The MC-1R is a seven-transmembrane G-protein coupled receptor whose natural ligand as an agonist is melanocortin peptides, adrenocorticotropic hormone, and α-, β-, and γ-melanocyte stimulating hormone (MSH).⁴ α-MSH analogues have been studied as diagnostic and therapeutic tools for metastatic melanoma due to their high receptor affinity.⁵ Various radio-labeled α-MSH derivatives with various radionuclides such as ^99mTc, ¹⁸⁸Re, ¹¹¹In, ⁶⁸Ga, ⁹⁰Y, and ¹⁷⁷Lu have been investigated for SPECT imaging and therapy in metastatic melanoma.^6

–9 To improve its binding affinity and in vivo stability, α-MSH was modified chemically via peptide cyclization and the replacement of a certain amino acid in the structure.^10,11

In general, bifunctional chelating agents (BFCA) are used for the preparation of radiolabeled compounds, in order to introduce radionuclides to the targeting molecules without any distortion of their structure and not reduce their binding affinity and stability.

Among them, the DOTA is able to strongly chelate many radionuclides such as ⁶⁸Ga, ¹¹¹In, ¹⁴⁹Pm, ²¹²Pb, ⁹⁰Y, and ¹⁷⁷Lu.^12

–16 In particular, ¹⁷⁷Lu emits medium and lower-energy β-rays (497 keV), and, thus, ¹⁷⁷Lu is considered a suitable radionuclide for treating small tumors or metastatic deposits. In addition, ¹⁷⁷Lu emits γ-rays (113 and 208 keV, 6% and 11%) that allow scintigraphic imaging and dosimetry.⁶

In this study, we designed a novel α-MSH analogue, DOTA-GMSH for melanoma targeted therapy using ¹⁷⁷Lu, and DOTA BFCAs were introduced into the peptide using conventional solid-phase peptide synthesis. The 7th and 11th amino acids of the α-MSH sequence were, respectively, changed to _d-form Phe and Arg to enhance its binding affinity, and the analogue was cyclized to increase the in vivo stability.
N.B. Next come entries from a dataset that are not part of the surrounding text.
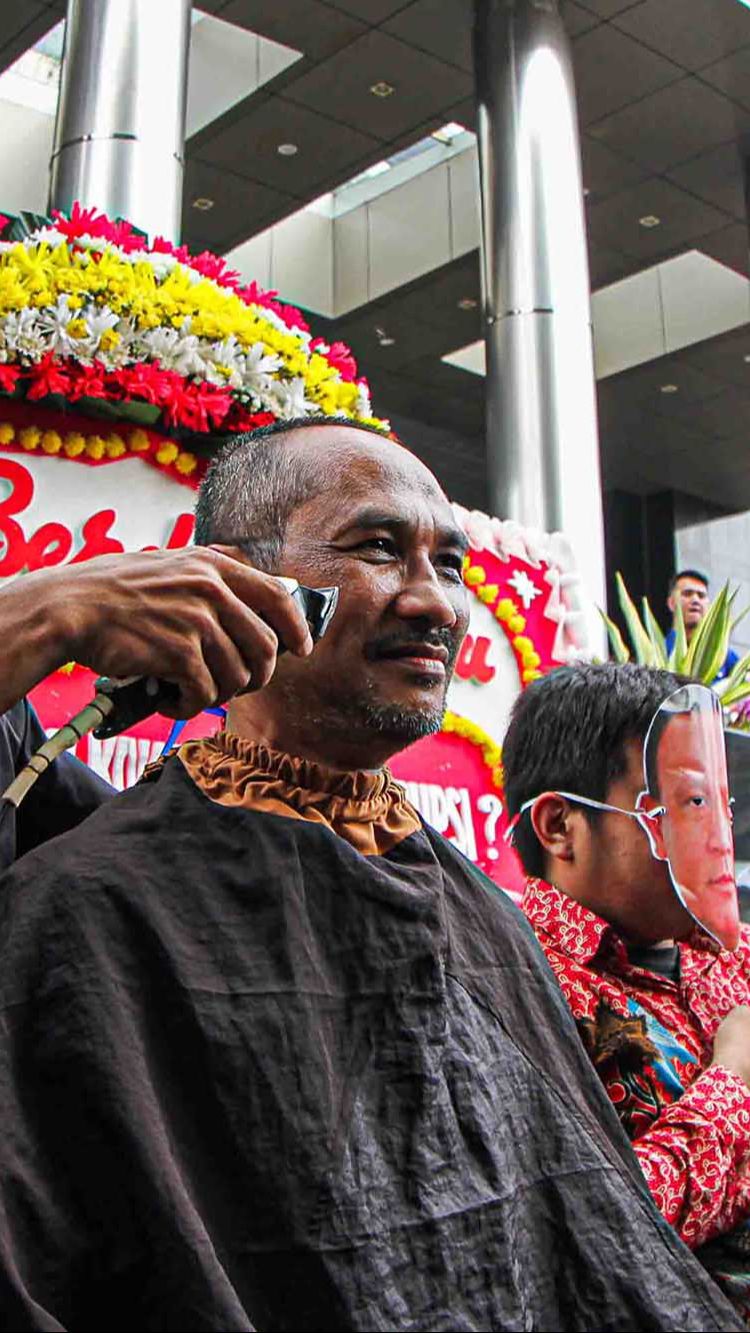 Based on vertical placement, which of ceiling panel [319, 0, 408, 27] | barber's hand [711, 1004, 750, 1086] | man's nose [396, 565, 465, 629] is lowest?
barber's hand [711, 1004, 750, 1086]

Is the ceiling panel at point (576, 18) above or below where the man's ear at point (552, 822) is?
above

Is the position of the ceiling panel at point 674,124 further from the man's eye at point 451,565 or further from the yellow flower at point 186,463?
the man's eye at point 451,565

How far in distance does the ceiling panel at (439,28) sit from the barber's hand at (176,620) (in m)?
6.15

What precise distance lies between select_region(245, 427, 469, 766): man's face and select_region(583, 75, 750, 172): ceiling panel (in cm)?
646

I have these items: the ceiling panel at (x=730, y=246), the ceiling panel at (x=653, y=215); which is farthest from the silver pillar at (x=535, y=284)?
the ceiling panel at (x=730, y=246)

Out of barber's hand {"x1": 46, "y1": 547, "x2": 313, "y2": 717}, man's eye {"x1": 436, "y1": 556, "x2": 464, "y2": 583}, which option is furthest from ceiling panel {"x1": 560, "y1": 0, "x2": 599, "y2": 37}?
barber's hand {"x1": 46, "y1": 547, "x2": 313, "y2": 717}

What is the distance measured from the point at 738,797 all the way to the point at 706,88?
19.7ft

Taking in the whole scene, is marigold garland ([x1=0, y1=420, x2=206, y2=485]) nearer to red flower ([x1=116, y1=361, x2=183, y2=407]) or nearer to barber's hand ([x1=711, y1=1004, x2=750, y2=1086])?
red flower ([x1=116, y1=361, x2=183, y2=407])

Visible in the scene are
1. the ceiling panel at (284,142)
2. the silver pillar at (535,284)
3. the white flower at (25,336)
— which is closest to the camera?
the white flower at (25,336)

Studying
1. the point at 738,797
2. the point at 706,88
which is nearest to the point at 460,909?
the point at 738,797

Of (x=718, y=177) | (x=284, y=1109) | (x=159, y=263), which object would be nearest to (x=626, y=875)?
(x=284, y=1109)

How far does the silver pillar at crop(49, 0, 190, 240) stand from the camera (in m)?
4.50

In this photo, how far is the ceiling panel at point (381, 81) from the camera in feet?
22.8

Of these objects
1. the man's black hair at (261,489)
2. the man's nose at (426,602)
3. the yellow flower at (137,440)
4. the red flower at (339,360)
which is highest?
the red flower at (339,360) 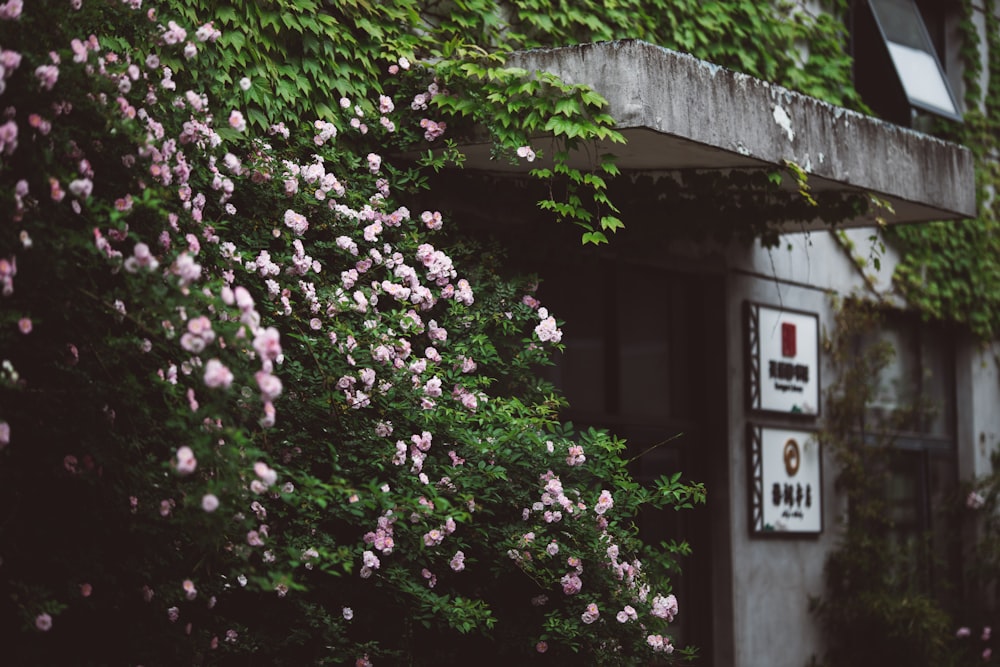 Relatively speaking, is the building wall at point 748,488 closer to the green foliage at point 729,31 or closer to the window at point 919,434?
the window at point 919,434

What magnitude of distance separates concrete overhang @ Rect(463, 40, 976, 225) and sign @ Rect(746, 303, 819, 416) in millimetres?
1248

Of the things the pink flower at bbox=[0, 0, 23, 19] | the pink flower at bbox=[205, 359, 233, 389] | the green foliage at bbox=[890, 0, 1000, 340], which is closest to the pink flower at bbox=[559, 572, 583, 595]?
the pink flower at bbox=[205, 359, 233, 389]

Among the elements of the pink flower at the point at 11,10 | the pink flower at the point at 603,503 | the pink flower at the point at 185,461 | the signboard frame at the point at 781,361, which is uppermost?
the pink flower at the point at 11,10

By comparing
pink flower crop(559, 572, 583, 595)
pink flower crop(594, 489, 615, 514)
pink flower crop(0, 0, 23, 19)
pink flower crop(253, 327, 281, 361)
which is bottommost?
pink flower crop(559, 572, 583, 595)

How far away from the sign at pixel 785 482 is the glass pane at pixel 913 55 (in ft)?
9.01

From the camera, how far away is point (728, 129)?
686cm

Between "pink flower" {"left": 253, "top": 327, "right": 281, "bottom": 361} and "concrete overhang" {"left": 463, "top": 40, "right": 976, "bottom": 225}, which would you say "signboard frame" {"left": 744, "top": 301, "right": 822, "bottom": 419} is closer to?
"concrete overhang" {"left": 463, "top": 40, "right": 976, "bottom": 225}

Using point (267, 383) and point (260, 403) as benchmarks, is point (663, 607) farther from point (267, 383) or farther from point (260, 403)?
point (267, 383)

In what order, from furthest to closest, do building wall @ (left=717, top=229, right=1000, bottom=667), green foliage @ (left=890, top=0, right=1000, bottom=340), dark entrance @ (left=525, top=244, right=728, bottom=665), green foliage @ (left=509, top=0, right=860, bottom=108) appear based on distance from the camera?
green foliage @ (left=890, top=0, right=1000, bottom=340) < building wall @ (left=717, top=229, right=1000, bottom=667) < dark entrance @ (left=525, top=244, right=728, bottom=665) < green foliage @ (left=509, top=0, right=860, bottom=108)

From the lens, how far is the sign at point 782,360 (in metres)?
9.24

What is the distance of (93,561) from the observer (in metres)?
4.77

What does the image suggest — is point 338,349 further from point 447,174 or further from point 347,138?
point 447,174

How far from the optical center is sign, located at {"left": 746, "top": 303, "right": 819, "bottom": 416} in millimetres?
9242

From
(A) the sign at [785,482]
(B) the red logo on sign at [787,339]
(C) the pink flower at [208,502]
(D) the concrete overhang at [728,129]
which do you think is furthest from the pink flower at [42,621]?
(B) the red logo on sign at [787,339] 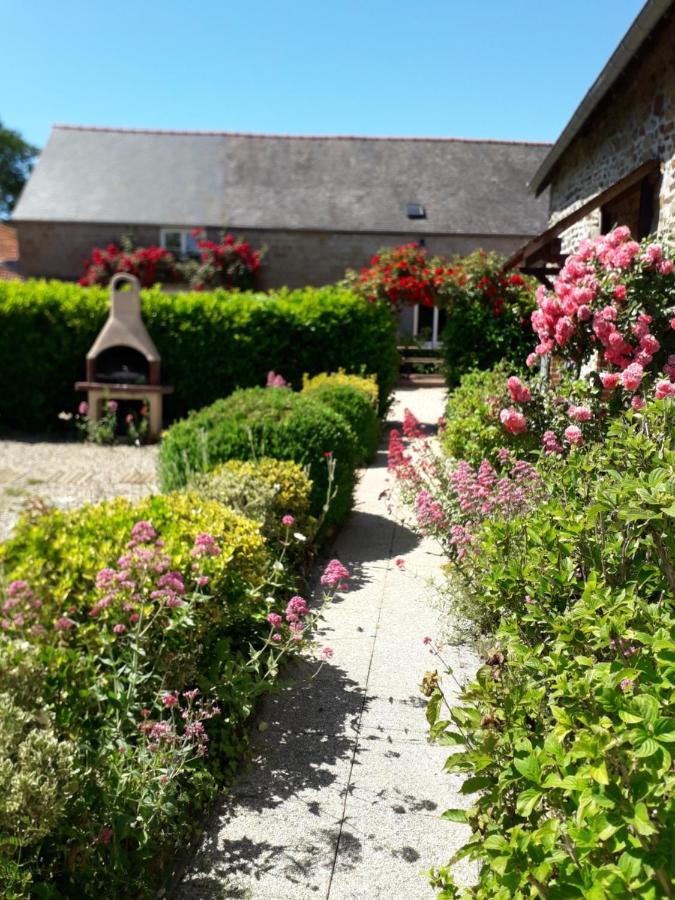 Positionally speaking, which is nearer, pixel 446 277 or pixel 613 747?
pixel 613 747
After radiolabeling this synthesized peptide, we conducted in vitro and in vivo melanoma-targeting studies.

Materials and Methods

Materials

All chemicals were of an analytical grade, were purchased from a chemical company, and were used without further purification. Automated solid-phase synthesis was accomplished by the use of a Multiple Biomolecular Synthesizer (Peptron). Analytical and preparative RP-HPLC was performed on a Shimazu prominence HPLC using a Shiseido capcell pak C-18 column. A wavelength of 220 nm was used for UV detection for analytical RP-HPLC. The LC/MS was performed using an HP 1100 series. The radioactivity was determined with a Wallac 1470 automated gamma counter (PerkinElmer Life Science). ¹⁷⁷Lu was purchased from Perkin-Elmer, and the radioactivity was measured using an ionizing chamber (Atomlab 200; Bio-dex). The radiolabeling yield and radiochemical purity (RCP) were determined using a gamma detector-equipped HPLC analyzer (Waters).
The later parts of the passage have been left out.